Since defaults are provided by the IDA, many smaller deployments should not need to do much more than provide the required settings to operate. For development environments the config will likely change the defaults to more development appropriate values, e.g. debug settings, log levels, email settings, etc.

Config file generation & management

Due to the varied needs and processes of different operators, how the config files are created, managed, or otherwise end up on the server is up to the operator and will depend greatly on their deployment strategy. With a consistent method for configuring IDAs it will be reasonable to have tooling to assist with migrating between releases, but the implementation of such tooling is outside the scope of this proposal.

Documentation of settings

The settings found in both the required.py and defaults.py files will be documented to describe what they are and how they should be used. The documentation will consist of Sphinx autodoc compatible comments before each setting.
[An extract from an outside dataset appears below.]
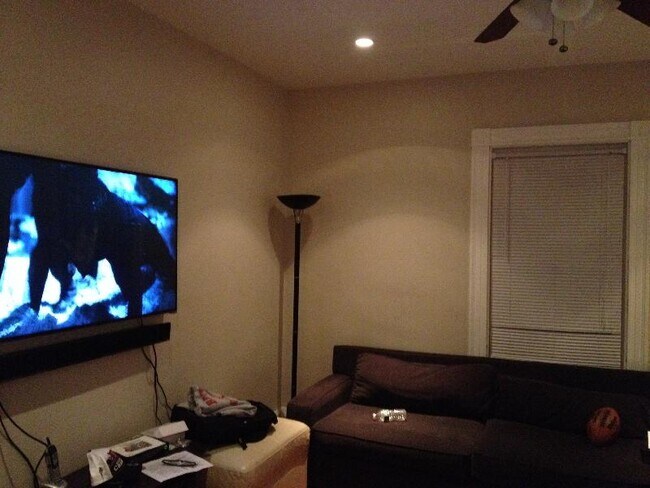 Foto del edificio - 76 Parker Hill Ave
For reference that is a “comment with special formatting (using a #: to start the comment instead of just #)”. This keeps documentation close to the code as it is being written, while allowing it to be surfaced in generated docs.

Operations Manuals

A clear manual of operations will exist in the form of RST files in an operations directory within the docs directory (as per OEP-19) for that IDA. See this commit for an example provided by the Open edX Build-Test-Release working group. The operations docs will cover common operations such as how to run the IDA for web traffic or as an async worker and how to manage the IDA’s underlying database schema. It will also include a list of potential maintenance tasks operators may want to leverage such as clearing sessions or applying security patches. Finally it will include the list of ad-hoc management commands operators can use to help handle edge case or one-time operations.
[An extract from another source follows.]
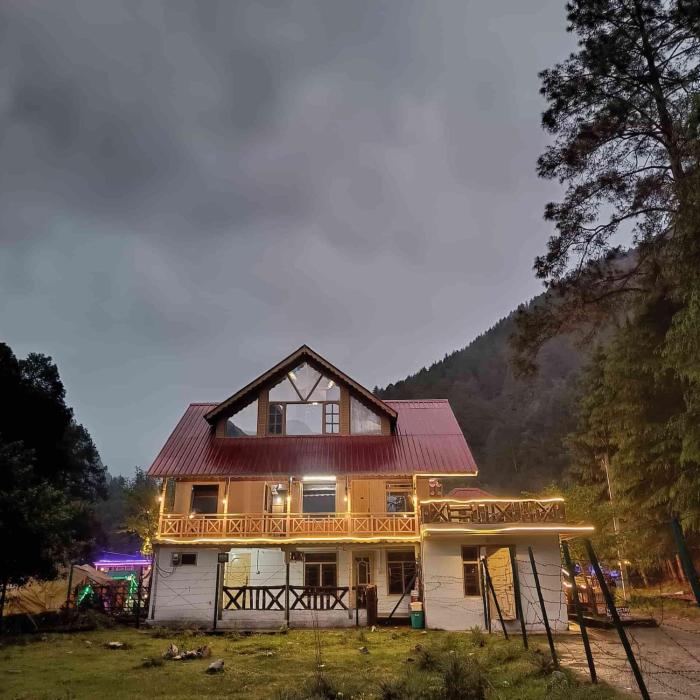 Odyssey Stays Kasol - Tree House, Cottage & Swiss Tents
In the same vein as not dictating how operators create and manage their IDA config files, operators will also be expected to manage how they execute the operations documented in the manual.

Industry Best Practices

The recommendations above are heavily inspired by the following resources:

Alternatives Considered

Refactor configuration

Refactoring the configuration repo to reduce the amount of shared code and making it easier to read and understand what is being run when you execute a particular playbook.

This approach was rejected due to the sheer volume of work required to make this change in an environment that is inherently difficult to test. Also, while it would improve ease of use, it would only provide parity in terms of functionality. Moving to containers will also improve ease of use and unlock many potential future enhancements.

Jumping to Kubernetes

Kubernetes is an open source container orchestration platform pioneered by Google. While it often occupies the same conversation space as containers because it is a powerful way to manage them, it is a huge increase in complexity and expertise required to operate. For most installations Kubernetes is currently too much overhead/learning curve for the value. The edX organization may opt to explore deploying Docker containers this way in the future and would love to collaborate with operators who also decide to use Kubernetes to compare notes.

Configuration via Environment Variables

There are many django project which configure their applications by grabbing the settings value from an environment variable otherwise using a default. While this is technically feasible, the platform relies on setting many complex data structures (lists & dicts) and to do so using ENV VARS would be quite challenging to manage and thus was declined as an option to pursue.

Implementation Strategy

Discussion of implentation of this OEP will happen in a separate Pull Request .